Roth solo 401k funds also known as designated Roth account assets will eventually find their way into Roth IRAs for various reasons such as the following:
- The self-employed individual may no longer be self-employed and will thus need to transfer her Roth solo 401k to a Roth IRA to avoid having to cash-out her Roth 401k funds.
- Based on current Roth IRA regulations (year 2020), required minimum distributions (RMDs) don’t apply to Roth IRAs whereas they do apply to Roth solo 401k accounts once the participant reaches age 72; therefore, those solo 401k owners with Roth solo 401k funds that don’t want to be forced to take distributions form their Roth solo 401k funds may look to transfer the account to a Roth IRA.
Therefore, it is important to understand the rules when moving funds from a Roth Solo 401k to a Roth IRA as specific reporting and rules apply to both the releasing solo 401k provider and the Roth IRA custodian that receives the funds.
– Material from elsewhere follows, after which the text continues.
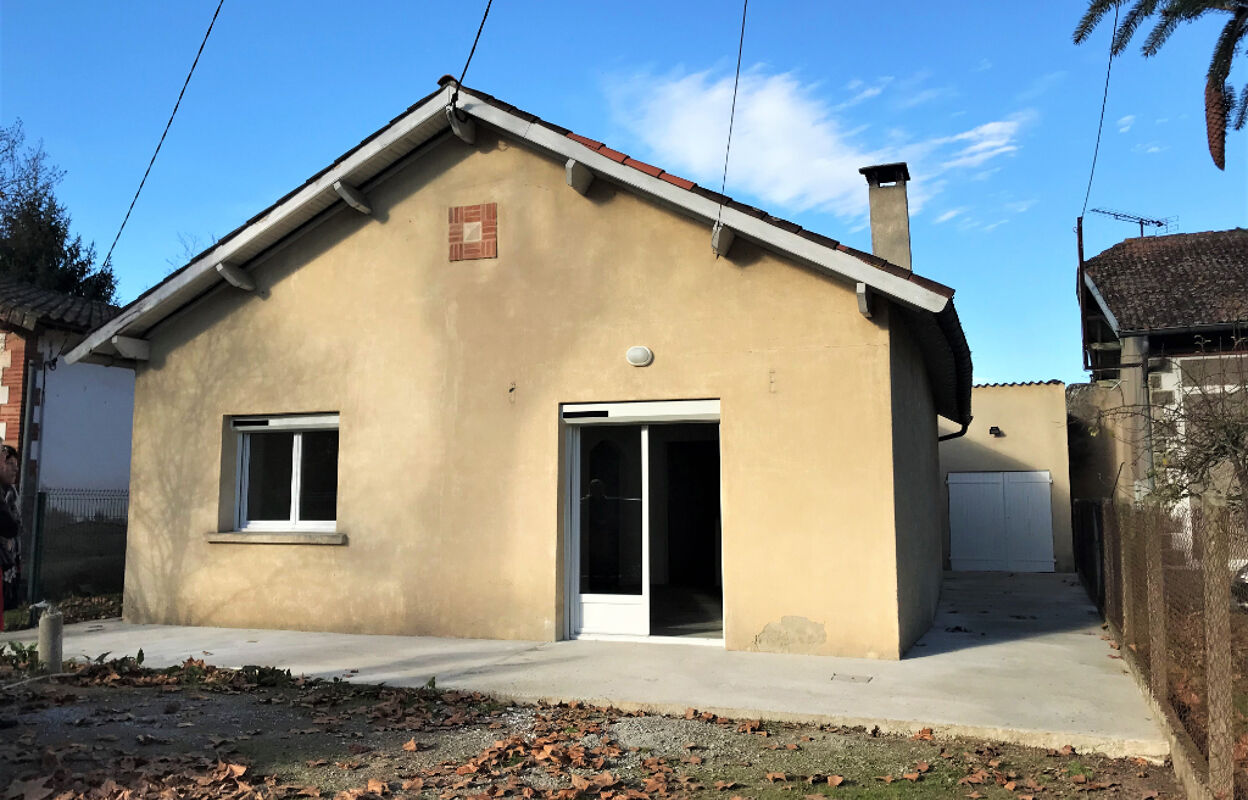 maison 3 pièces 90 m2 à louer à Montauban (82000)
Some of these rules include the following.
- Solo 401k Participants may roll over designated Roth solo 401(k) assets (including alternative investments such as real estate, notes, tax liens and metals, to name a few) to Roth IRAs even if they are not otherwise eligible to contribute (or convert Traditional IRA assets) to a Roth IRA.
- If a non-qualified Roth solo 401k distribution is rolled over to a Roth IRA, the nontaxable and taxable rollover amounts are still tracked, but the Roth IRA five-taxable-year period applies.
- If a distribution is only partially rolled over, the taxable portion is deemed rolled over first.
- If a qualified distribution from a designated Roth solo 401kaccount is rolled over, the entire amount of the rollover contribution is considered basis in the Roth IRA, regardless of whether the solo 401kparticipant has met the Roth IRA five-taxable-year period.
- Once the rollover is completed, the Roth IRA distribution ordering rules always apply.